Wednesday, 23 May 2018

Single Review | Nine Inch Nails | 'God Break Down the Door' (2018)

image credit: nine inch nails

I know I’m not the only one that has been feverishly awaiting the news regarding the next Nine Inch Nails EP. After Not the Actual Events was released in 2016, Trent Reznor announced that it was the beginning of a trifecta of extended plays, which would be succeeded the following year with the release of Add Violence.

The waiting time between EP two and three was a long one, but we finally got the news on Reznor’s 52nd birthday no less (May 17). Not only will the last installment be arriving next month, but it’s an LP, not an EP … well, it’s pretty much the same length as the previous EPs — close to thirty minutes — but whatever you say, Reznor. Bad Witch will be the final installment in the trilogy and will technically be NIN’s ninth studio album.

On the same day that the album — Bad Witch — was revealed, a North American tour with The Jesus and the Mary Chain was also announced alongside the release of ‘God Break Down the Door’, the fourth track from the record, acting as its first single. And it's simultaneously what you would and wouldn’t expect from NIN.

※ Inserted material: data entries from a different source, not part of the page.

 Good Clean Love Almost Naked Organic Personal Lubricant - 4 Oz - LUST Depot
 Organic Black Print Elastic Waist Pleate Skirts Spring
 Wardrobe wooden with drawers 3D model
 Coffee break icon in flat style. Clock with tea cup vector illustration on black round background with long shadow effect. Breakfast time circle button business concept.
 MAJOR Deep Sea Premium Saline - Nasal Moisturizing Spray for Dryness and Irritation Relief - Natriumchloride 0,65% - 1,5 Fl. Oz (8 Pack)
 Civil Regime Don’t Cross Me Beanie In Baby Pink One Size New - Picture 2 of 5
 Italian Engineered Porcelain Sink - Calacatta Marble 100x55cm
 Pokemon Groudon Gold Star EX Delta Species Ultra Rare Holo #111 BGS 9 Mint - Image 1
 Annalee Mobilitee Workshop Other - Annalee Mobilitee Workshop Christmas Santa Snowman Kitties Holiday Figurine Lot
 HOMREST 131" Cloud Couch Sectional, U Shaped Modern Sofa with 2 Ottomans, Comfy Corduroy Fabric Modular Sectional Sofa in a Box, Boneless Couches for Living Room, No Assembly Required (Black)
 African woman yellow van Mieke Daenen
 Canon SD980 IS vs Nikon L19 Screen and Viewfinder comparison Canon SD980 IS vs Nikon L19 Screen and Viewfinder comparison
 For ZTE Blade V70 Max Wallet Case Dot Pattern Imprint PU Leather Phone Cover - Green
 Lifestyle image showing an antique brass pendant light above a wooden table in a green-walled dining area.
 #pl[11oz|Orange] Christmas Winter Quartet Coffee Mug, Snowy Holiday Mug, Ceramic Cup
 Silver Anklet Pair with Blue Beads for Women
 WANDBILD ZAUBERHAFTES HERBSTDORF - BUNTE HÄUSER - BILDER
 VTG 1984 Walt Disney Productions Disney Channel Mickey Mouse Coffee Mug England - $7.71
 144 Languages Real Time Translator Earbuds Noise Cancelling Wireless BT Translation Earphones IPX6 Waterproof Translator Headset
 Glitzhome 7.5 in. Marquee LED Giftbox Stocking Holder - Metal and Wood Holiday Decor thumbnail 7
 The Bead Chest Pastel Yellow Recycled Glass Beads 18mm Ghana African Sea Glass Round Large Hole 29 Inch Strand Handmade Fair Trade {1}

First off, Reznor’s vocals. In an interview for Beats 1, Reznor said he’d “never had the courage to sing like that”, and I’m sure no one else realized he could, either. Instead of his gnarling, brooding vocals that are usually intertwined with distortion and electronic dissolution, here he sounds like a melancholic Sinatra. His voice croons and his voice swells in a vibrato that is so strange to hear that it almost doesn’t sound like Reznor. It’s only when his mannerisms and growls creep in that your reminded. His voice sounds deeper and contained, and it suits the sadistically smooth ‘God Break Down the Door’ perfectly.

Along with the newly adapted vocal structure, Reznor and Atticus Ross create a soundscape that Reznor has vaguely explored before on the soundtrack to David Lynch’s Lost Highway. It’s a sound that I can never quite pinpoint; there’s an obvious mix of ambient music and jazz in the instrumentation along with the obvious industrial undertones that NIN are famed for.

Then again, you could even go as far as saying that ‘God Break Down the Door’ — and the majority of the tracks on Lost Highway — are their own mystical genre of futuristic avant-guarde jazz / lounge music or something along those lines. Each and every element of the instrumentation that Reznor creates and Ross arranges is something that cannot be replicated again.

That’s the beauty of NIN. It’s a band and collaboration that is forever evolving and never dwelling on the same genre practices twice.